The Warring Triad appear in Final Fantasy XIV: Heavensward in the form of statues on the floating continent Azys Lla, who are virtually identical to the original sprites in appearance. A series of side quests allows players to fight them to earn powerful weapons. In this appearance, they are depicted as elder primals awakened by the expansion's antagonist Thordan VII, who sought their power after becoming a primal himself. They are given names based on notes from original concept artwork that ended up unused in Final Fantasy VI. The Fiend is named Sephirot, the Goddess Sophia and the Demon Zurvan.

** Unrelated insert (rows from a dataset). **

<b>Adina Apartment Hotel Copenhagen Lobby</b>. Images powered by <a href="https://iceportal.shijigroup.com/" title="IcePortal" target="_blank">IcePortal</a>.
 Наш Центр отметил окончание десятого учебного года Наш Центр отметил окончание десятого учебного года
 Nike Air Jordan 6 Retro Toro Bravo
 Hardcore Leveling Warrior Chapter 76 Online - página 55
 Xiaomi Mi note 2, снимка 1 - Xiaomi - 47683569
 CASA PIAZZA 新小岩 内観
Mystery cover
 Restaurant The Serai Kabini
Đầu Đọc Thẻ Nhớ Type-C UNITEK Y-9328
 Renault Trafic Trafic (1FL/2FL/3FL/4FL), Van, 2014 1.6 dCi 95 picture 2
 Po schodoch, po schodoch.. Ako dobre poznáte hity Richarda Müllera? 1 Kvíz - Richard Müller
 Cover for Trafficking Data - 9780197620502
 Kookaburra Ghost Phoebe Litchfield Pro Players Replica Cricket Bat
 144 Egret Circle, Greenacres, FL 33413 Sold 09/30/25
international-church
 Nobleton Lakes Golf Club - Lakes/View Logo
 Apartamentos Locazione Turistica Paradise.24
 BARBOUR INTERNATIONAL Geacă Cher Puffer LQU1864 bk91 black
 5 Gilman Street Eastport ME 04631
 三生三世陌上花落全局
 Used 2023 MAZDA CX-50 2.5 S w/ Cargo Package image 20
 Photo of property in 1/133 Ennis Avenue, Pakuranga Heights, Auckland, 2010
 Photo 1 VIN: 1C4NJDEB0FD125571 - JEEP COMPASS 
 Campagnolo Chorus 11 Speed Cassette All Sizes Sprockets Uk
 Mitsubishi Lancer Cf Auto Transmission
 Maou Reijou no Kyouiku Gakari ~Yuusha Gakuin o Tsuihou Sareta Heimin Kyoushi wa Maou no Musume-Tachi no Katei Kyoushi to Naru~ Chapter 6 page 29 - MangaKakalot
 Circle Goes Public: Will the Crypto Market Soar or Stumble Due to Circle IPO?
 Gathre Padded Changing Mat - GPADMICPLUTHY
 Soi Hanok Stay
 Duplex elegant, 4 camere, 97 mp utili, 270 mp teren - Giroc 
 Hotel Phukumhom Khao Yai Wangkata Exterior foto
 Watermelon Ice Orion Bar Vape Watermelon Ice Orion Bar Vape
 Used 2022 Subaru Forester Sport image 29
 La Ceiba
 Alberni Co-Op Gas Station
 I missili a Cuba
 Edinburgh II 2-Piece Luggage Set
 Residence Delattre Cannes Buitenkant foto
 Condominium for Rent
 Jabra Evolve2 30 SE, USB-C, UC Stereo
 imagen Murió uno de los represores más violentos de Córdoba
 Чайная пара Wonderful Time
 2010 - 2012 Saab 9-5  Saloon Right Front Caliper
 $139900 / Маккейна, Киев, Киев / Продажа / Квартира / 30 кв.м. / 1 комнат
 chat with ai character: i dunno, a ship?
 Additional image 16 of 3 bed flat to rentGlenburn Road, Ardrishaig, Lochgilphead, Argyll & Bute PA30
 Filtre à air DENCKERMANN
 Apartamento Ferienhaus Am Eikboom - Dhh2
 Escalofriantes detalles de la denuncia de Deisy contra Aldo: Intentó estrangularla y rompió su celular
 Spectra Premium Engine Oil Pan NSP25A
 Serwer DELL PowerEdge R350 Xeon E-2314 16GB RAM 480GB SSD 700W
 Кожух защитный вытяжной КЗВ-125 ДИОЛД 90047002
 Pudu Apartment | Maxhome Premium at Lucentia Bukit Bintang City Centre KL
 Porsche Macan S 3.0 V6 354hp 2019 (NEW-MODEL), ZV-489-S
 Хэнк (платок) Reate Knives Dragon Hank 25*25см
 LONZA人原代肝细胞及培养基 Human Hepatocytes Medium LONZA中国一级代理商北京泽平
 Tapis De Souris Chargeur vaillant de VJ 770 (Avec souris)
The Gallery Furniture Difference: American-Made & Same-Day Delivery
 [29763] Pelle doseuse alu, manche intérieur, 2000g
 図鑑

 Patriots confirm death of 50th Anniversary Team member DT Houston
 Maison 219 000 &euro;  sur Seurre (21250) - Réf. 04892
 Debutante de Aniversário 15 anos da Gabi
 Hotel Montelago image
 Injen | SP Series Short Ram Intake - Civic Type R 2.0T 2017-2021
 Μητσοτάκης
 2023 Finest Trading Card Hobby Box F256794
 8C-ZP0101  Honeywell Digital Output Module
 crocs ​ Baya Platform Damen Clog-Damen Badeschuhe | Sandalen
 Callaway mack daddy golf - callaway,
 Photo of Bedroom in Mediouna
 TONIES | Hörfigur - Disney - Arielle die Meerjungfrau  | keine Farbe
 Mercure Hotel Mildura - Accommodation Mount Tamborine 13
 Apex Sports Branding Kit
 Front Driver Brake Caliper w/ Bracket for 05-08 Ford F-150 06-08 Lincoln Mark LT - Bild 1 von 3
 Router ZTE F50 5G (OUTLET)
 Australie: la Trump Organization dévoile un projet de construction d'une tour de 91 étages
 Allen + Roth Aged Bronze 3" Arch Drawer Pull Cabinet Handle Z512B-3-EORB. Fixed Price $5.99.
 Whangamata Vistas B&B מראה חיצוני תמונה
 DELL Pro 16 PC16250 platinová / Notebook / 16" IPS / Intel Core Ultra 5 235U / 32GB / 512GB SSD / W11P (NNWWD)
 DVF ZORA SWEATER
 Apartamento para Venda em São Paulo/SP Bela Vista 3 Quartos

== Reception and legacy ==
In its review of the Game Boy Advance release, IGN says Final Fantasy VIs "cast of characters is huge and varied, and though several of them do draw from traditional RPG archetypes, this was the game that helped define those archetypes in the first place". In the GameSpy review of the Game Boy Advance version, it is said that "the large cast of characters, that is one of this game's hallmarks, is most impressive because of their individuality, both from a story and from a gameplay perspective, as well as the amount of effort that was put into exploring their personalities, motivations, and histories". Nintendo Power described the characters as some of the more memorable Final Fantasy protagonists ever, citing the ending's great character moments.

Several characters from the game have received standalone praise, such as Kefka who has been repeatedly named one of the franchise's greatest villains. In 2008, IGN placed him sixth on their list of the "Top 25 Final Fantasy Characters" with similar sentiments, but also included several other characters from Final Fantasy VI on the list. Ultros, who placed twenty-fourth, was praised for bringing "much needed" comic relief for the title, described as being augmented by Ted Woolsey's translation for the North American localization. Celes placed fourteenth, and was stated as providing one of the greatest memorable scenes and musical pieces in the game through the impromptu opera scene. Setzer placed twelfth, described as having "that most crucial of qualities in a hero, an unshakable sense of humor", as well as introducing the Gambler job class that would appear in later titles in the series. Nintendo Power listed Shadow as one of the best ninjas on Nintendo consoles. In an article on Dissidia Final Fantasy, IGN editor Ryan Clements called Terra one of the most recognizable and well-loved characters to join the army of Cosmos. In another poll the same year, eight of the characters – Locke, Edgar, Celes, Setzer, Terra, Shadow, Sabin, and Relm – were named among the fifteen most popular characters in the Final Fantasy series. In 2012, IGN made a list of their all-time favorite Final Fantasy characters, and included Celes, Edgar, Kefka, Locke, and Ultros.